A PRIZE POEM
RECITED IN RUGBY SCHOOL, JUNE 24, 1905.
A. J. LAWRENCE, PRINTER TO THE SCHOOL.
"QUOD SPIRO ET PLACEO, SI PLACEO, TUUM EST."
SULLEN athwart the freedom of the skies
It frowned, and mocked the sun's high pageantry,
—Dawn of the cloudy hair and pleading eyes,
And the green sunset-light,—
With the dark threat of its immensity,
And sinister portent of all-shrouding night.

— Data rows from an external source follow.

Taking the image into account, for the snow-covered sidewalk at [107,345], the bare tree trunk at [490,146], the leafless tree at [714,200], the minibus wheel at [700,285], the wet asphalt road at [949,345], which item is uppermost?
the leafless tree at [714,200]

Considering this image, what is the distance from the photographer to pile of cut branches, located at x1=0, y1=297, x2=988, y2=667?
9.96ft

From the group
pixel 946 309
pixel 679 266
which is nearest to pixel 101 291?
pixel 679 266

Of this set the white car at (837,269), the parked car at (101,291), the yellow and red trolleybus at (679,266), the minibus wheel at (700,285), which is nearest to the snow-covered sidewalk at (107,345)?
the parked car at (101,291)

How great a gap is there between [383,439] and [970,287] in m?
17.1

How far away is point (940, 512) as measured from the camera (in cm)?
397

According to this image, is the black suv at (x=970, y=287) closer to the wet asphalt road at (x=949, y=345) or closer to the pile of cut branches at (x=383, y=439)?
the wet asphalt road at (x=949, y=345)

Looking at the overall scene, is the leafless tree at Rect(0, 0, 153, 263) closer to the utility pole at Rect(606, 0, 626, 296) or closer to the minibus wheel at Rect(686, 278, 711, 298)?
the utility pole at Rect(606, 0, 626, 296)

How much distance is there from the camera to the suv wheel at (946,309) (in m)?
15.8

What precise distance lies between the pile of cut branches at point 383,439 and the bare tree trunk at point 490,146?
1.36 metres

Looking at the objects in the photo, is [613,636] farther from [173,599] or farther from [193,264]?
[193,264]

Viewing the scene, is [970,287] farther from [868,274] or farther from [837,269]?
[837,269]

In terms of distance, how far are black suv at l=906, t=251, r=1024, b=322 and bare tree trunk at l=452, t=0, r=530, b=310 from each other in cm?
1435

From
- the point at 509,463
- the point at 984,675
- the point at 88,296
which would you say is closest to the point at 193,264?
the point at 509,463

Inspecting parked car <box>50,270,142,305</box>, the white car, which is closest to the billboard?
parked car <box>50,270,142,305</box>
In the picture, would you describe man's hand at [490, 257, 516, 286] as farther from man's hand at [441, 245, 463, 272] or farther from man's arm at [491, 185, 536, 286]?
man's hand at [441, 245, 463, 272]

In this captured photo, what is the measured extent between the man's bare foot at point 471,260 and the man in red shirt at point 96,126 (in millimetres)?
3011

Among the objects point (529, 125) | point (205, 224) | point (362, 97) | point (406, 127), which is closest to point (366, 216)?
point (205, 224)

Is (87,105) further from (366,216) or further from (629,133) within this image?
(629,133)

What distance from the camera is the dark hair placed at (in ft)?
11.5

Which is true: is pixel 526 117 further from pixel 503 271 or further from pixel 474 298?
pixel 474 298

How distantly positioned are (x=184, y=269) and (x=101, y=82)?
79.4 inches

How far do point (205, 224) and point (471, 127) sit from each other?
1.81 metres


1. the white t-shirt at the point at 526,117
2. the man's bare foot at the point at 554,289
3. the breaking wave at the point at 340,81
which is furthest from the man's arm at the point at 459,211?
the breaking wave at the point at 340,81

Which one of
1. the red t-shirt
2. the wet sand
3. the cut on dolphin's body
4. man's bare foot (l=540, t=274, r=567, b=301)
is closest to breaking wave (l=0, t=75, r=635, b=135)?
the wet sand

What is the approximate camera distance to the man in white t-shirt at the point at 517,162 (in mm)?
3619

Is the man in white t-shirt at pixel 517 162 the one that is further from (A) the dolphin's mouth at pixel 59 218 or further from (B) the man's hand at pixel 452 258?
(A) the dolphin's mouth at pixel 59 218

Round it the dead innumerable days
Clung, and the wraiths of years and seasons past,
—Spring, dancing young-eyed down the woodland ways;
Summer, the fragrant queen of long delight,
Languid with roses; Autumn, old and wan,
Wearily creeping graveward; and at last
So, while the silent feet of Time sped on,
It loomed tremendous, hateful in men's eyes,
Tyranny's presence. For in fear firm-set
Stood all the towers; of sorrow-laden gloom
The walls were built, and fluttering, pale, sighs;
And, darkening every life-enfolding tomb,
Passion and wild regret
And all captivity's unavailing cries.
There, through the grey monotony of years,
The grim walls held their secret. None might tell
Who drank therein the tainted cup of tears,
Blinded with memories intolerable,
Bereft of hopes and fears.
For them no passionate Spring-tide, as of yore,
Regal with hue and scent,
Flashed through the startled woods; not, ere night fell,
Blossomed the budding West to rose of flame,
And robed the plains in purple; and no more
Fair Dawn was tremulous in the Orient.
But, in the darkening cell,
Silent, upon pale feet, the shadows came;
And the wan twilight died; and there was night.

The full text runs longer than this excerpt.